• _WORK REQUEST_: Look below for the line containing "Обнаженная с павлином, Fasold". Reproduce it and every line after it exactly, and nothing more.

Stored items from a collection:
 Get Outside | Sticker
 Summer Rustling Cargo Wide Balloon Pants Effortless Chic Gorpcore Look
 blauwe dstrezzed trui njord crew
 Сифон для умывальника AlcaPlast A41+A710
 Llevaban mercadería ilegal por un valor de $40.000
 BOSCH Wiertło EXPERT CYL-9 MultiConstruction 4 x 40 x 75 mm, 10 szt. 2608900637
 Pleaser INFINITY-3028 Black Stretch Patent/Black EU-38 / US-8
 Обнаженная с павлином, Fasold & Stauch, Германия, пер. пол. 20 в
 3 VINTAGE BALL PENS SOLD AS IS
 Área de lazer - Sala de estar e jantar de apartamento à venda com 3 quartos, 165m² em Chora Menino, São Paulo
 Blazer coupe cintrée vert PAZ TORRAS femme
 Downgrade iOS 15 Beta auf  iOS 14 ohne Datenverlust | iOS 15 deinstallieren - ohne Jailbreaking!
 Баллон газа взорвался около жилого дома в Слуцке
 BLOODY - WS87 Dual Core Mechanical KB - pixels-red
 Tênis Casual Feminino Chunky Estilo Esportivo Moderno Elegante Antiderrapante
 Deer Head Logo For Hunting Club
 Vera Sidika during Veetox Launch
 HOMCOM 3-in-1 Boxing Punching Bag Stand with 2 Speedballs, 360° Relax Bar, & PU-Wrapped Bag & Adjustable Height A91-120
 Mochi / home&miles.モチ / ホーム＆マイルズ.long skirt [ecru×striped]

• _RESULT FOR THIS TASK_:
 Обнаженная с павлином, Fasold & Stauch, Германия, пер. пол. 20 в
 3 VINTAGE BALL PENS SOLD AS IS
 Área de lazer - Sala de estar e jantar de apartamento à venda com 3 quartos, 165m² em Chora Menino, São Paulo
 Blazer coupe cintrée vert PAZ TORRAS femme
 Downgrade iOS 15 Beta auf  iOS 14 ohne Datenverlust | iOS 15 deinstallieren - ohne Jailbreaking!
 Баллон газа взорвался около жилого дома в Слуцке
 BLOODY - WS87 Dual Core Mechanical KB - pixels-red
 Tênis Casual Feminino Chunky Estilo Esportivo Moderno Elegante Antiderrapante
 Deer Head Logo For Hunting Club
 Vera Sidika during Veetox Launch
 HOMCOM 3-in-1 Boxing Punching Bag Stand with 2 Speedballs, 360° Relax Bar, & PU-Wrapped Bag & Adjustable Height A91-120
 Mochi / home&miles.モチ / ホーム＆マイルズ.long skirt [ecru×striped]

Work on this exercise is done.